Al Jazeera reported in 2014:
Many Egyptian men, including members of the police force, either downplay or shrug off sexual harassment, reflecting popular views that women either should remain at home or bring trouble on themselves by dressing provocatively if they go out on the street.
“She can’t go anywhere without me,” Capt. Ahmed Mahmoud, a police officer in a working-class Cairo neighborhood, told the Huffington Post in May, speaking about his wife. “If a woman is wearing provocative clothing, the change needs to come from her.”
If this blame-the-victim mentality represented a distinctive feature of Middle Eastern societies, it might be difficult to counter the arguments being made by those in the West who want to block the entry of refugees, especially young men.
The fact is, however, that a pandemic of sexual violence involves the same factors:
- a sense of impunity among perpetrators
- the perpetrators’ belief that their victims deserve to be abused
- the expectation among victims that they have little chance of finding justice
The perpetrators of most of this violence are not mobs on the rampage; they are the victims’ own intimate partners.
Both on the streets and behind closed doors, alcohol is often a contributing factor.

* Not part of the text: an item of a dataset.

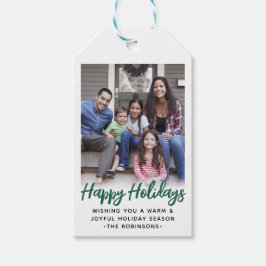 Etiquetas Para Regalos Cualquier texto de moda Brushed Green Script & Pho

A 2014 report by the European Union Agency for Fundamental Rights which found that an estimated 3.7 million women in the EU had been the targets of sexual violence during the preceding 12 months, noted:
Prevalence of physical and/or sexual violence by a current partner is also markedly higher among women whose partner gets drunk frequently. If a current partner is said never to drink, or never to drink so much as to get drunk, the prevalence of this type of violence was 5%. The prevalence climbs, however, to 23% for women whose current partner gets drunk once a month or more often.
In the 1991 Tailhook scandal involving the U.S. Navy and Marines, 83 women and seven men were victims of sexual assault and harassment. The 4,000 attendees in Las Vegas “viewed the annual conference as a type of ‘free fire zone’ wherein they could act indiscriminately and without fear of censure or retribution in matters of sexual conduct or drunkenness,” according to a Pentagon investigation.
While cultural factors in sexual violence should not be ignored, there are ultimately two reasons why this kind of conduct is so commonplace:
- the perpetrators know they can get away with it;
- they know this because other men so often turn a blind eye.
Those who now claim that in defense of “our women” we need to guard against a foreign threat, are choosing to ignore the fact that the far more pervasive threat is much closer to home in the familiar face of a former boyfriend, an ex-husband, boyfriend, husband, father, step-father, brother, cousin, friend, or a neighbor.